The trigger for action is usually a void inside of us. Once we lose on the poker table in Vegas, we start craving for another gamble. Withdrawal symptoms from caffeine in the morning pushes us to go to Starbucks. A person ridiculing us makes us crave the feeling of dominance, a feeling associated with the neurotransmitter serotonine.
The yardstick by which every consumer product should be measured is therefore how well and timely it can create and fulfill emotional voids in customers, compared to the competition.

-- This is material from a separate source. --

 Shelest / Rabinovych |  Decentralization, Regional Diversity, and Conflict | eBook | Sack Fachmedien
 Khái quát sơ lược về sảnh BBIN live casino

In my mind, selling drugs of the type I described above is likely to be more profitable than selling experiences that influence our bodies through sensatory impulses. That explains why tobacco stocks, alcohol and coffee-related stocks and perhaps even food products have been successful in creating value for shareholders. Regulatory action is an issue, but once a product becomes enjoyed in many parts of society it will be difficult to outlaw. It proved impossible to outlaw alcohol in many Western societies in the early 20th century. I believe it would be equally difficult to outlaw snuff in Norway and Sweden or Betelnut in Taiwan or Eastern India today. Other semi-addictive products such as casinos, video games, social media, etc may also create foundations for excellent businesses – as long as their platforms, network effects or economies of scale can fend off other companies trying to do the same thing.